Segment Start: Data shown

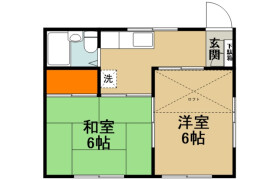 2K Apartment in Mochida - Gyoda-shi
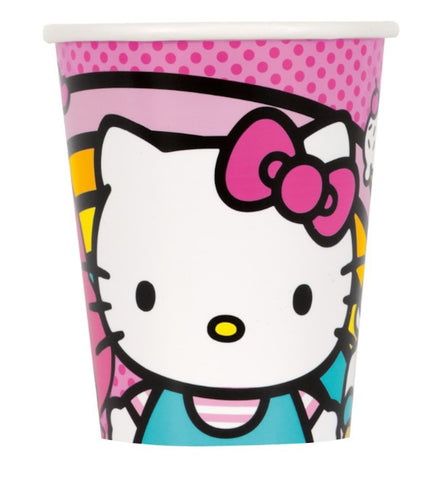 Hello Kitty 9oz Cups 8.Ct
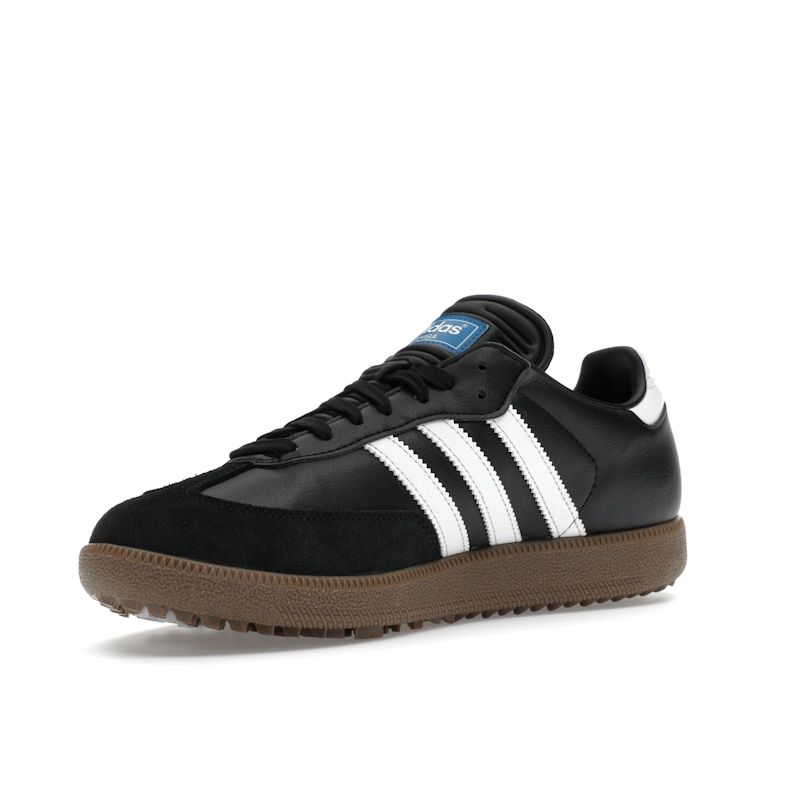 Adidas Samba Spikeless Golf Svart Hvit Gummi Unisex Sneakers Core-Black Cloud-White IH5168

Segment End: Data shown

What to work on: Please retype, exactly as they appear, the lines from the one with "Hello Kitty 9oz Cups 8.Ct" through the final line of the material, both included, and drop any pictures.

Response below:
 Hello Kitty 9oz Cups 8.Ct
 Adidas Samba Spikeless Golf Svart Hvit Gummi Unisex Sneakers Core-Black Cloud-White IH5168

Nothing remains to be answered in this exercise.